• PROBLEM DESCRIPTION:
In the material below, pictures must be dropped. Repeat exactly, and only, the lines from the line with "Le droit du travail en infographies pratiques" to the line with "TP钱包掉线问题及解决方案详解", both ends included.

• RECORD SET:
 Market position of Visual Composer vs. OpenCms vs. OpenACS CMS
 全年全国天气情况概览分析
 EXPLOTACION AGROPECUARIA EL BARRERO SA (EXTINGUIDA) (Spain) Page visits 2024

--

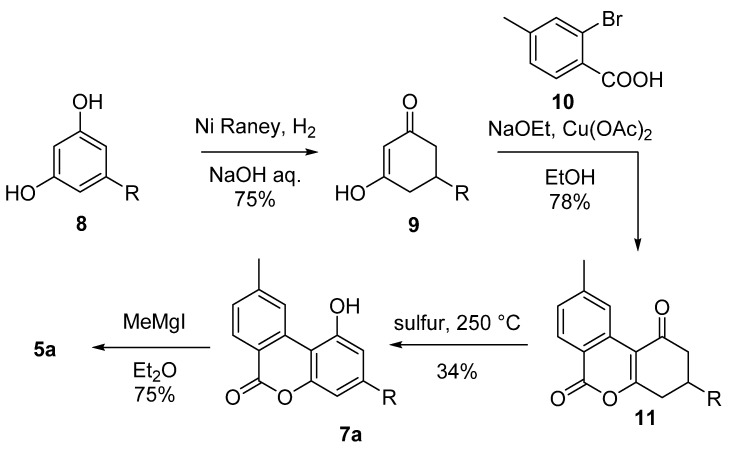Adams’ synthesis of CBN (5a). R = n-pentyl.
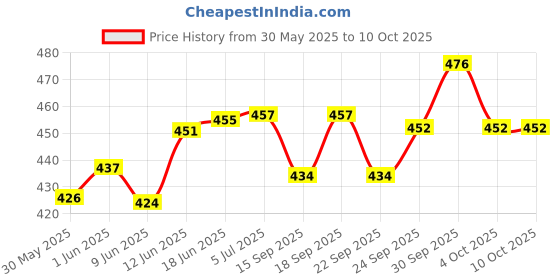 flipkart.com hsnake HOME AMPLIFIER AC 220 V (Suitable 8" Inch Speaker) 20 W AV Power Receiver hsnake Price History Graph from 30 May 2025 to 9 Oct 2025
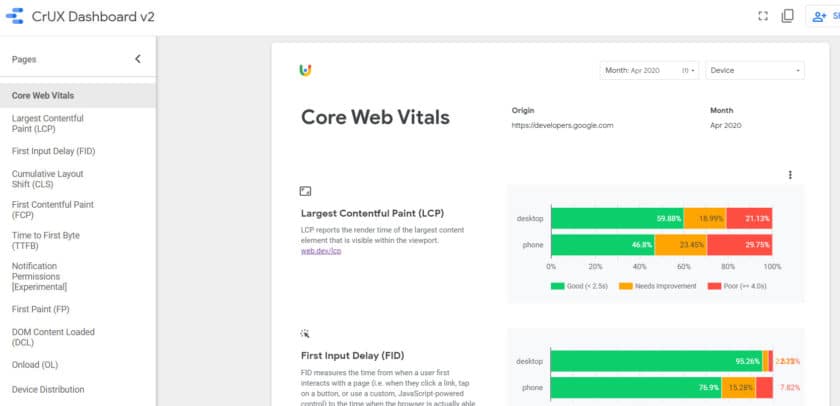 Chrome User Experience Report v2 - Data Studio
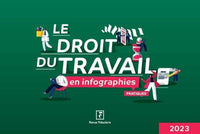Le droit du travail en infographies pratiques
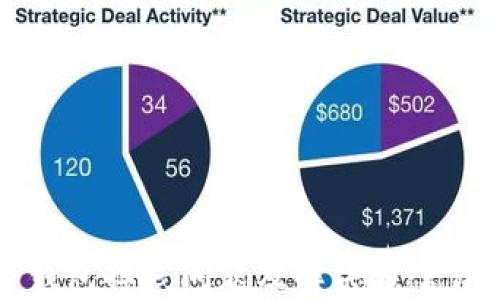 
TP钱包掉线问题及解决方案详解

• SOLVED EXERCISE:
Le droit du travail en infographies pratiques
TP钱包掉线问题及解决方案详解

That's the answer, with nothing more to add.